Status
Current State: Discussion
Discussion Thread: here
Jira:
Please keep the discussion on the mailing list rather than commenting on the wiki (wiki discussions get unwieldy fast).
Motivation
Currently very little checking is done against connector names, when creating a new connector in Kafka Connect. The only check that is performed is that no / is present in the name, other than that it is even possible to create a connector with an empty name that is then impossible to delete.
Additionally there are a large number of special characters that can be used in connector names but create issues afterwards, when they need to be used in the url for the rest call to change or delete the connector.
A pull request is ready for review that will deal with a few of the cases that cause issues, but this is more of a band aid than a proper fix for this issue, as I am sure there are a whole lot more characters out there that were missed and also create issues.
There are a number of related jiras currently open that could probably all be fixed by implementing something like the checks proposed here:
Proposed Change
Change the validation of connector names to use a whitelist of characters in order to ensure that no characters that create issues are allowed and enforce a maximum length for the connector name.
The set of allowed characters should be determined by the fact that the connector name is part of the url in a rest call to update the config or delete the connector, so we should take care
to allow only characters that can be "legally" used within urls - however it turns out that this is not an entirely easy distinction. After looking at a few stackoverflow threads as well as RfCs 1738, 2369 and 3896 my understanding is the following.
There are some characters that are definitely legal and allowed without any restriction:
a-z A-Z 0-9 . - _ ~
Then there are reserved characters, these are legal, but can have special meaning depending on which section of the URL they appear in:
; / ? : @ & = + $ ,
And last but not least there are a few "unwise" characters:
{ } | \ ^ [ ] `
During my work on KAFKA-4930 I found that at least ? from the list of reserved characters also creates issues and leads to connectors that are not accessible anymore after creation, so I'd be hesitant to simply include these in the list of allowed characters without further research into what causes these issues. A good example for one of these creating issues is the ; char. Connect uses jetty internally to serve the rest endpoints. Jetty considers ; to be a special character delimiting two url parameters from each other and stops parsing the url portion at this character. What this means is that you can create a connector with the name "test;test", since during creation you specify the name within the body of the request, but when you try calling the /connectors/test;test/status endpoint jetty will cut at ; - look for a connector named "test" and not find anything.
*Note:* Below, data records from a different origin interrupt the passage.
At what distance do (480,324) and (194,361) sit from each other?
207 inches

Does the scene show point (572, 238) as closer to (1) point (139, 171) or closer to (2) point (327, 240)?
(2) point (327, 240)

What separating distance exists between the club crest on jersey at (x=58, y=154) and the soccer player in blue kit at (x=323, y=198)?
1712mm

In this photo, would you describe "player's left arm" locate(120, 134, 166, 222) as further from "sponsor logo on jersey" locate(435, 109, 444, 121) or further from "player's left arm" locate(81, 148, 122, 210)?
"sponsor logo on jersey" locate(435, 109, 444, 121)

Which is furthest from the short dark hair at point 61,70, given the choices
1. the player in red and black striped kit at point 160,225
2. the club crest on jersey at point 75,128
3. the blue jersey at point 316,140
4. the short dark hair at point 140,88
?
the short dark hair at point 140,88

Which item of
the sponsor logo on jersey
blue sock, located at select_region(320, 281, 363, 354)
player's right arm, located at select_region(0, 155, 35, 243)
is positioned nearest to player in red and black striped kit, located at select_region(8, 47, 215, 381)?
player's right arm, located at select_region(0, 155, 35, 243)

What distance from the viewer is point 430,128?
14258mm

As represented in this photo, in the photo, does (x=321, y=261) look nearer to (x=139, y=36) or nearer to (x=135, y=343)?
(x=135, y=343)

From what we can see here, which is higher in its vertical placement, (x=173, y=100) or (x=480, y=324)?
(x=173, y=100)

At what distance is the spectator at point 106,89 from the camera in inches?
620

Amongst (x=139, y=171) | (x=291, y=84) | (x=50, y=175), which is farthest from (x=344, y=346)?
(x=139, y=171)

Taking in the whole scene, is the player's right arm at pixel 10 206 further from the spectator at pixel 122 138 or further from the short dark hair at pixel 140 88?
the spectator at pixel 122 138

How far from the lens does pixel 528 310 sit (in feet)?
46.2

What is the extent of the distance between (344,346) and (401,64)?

Based on this research and since I don't really see the benefit behind supporting a large number of exotic special characters I propose to limit allowed chars for connetor names to the unreserved characters:
a-z A-Z 0-9 . - _ ~
New or changed public interfaces
There is no new public interface, however the behavior of the create connector api will change insomuch as some connector names that previously worked will now not be accepted anymore when creating new connectors. This may break deployment scripts for a few people, so we should definitely announce this as a breaking change, not sure if a full deprecation cycle makes sense, but since this will definitely be post 1.0 I guess it might be a good idea.
Migration plan and compatibility
Backward compatibility should be given, subject to testing.
Connectors with illegal names that have been deployed previously to the upgrade that incorporates are assumed to continue working (will need to be confirmed once code is available), and probably even changes to the configuration are possible since validators are only applied when creating connectors.
The migration path is to undeploy connectors and redeploy them with a legal name. This will not work for all connectors, as mentioned above, some characters cause issues, but these are broken anyway and will need to be removed manually by deleting them from the config topic in Kafka. This situation is no change from the current state.
Rejected alternatives
The obvious alternative is to use a blacklist of characters and reject connector names that contain one of these. However there is a good chance that we would spend a lot of time and jiras slowly refining this list while probably still missing
some extremely exotic characters. Also a case could be made that there is not really a point to using too many special characters in connector names, so I don't think there would be a large benefit to this approach.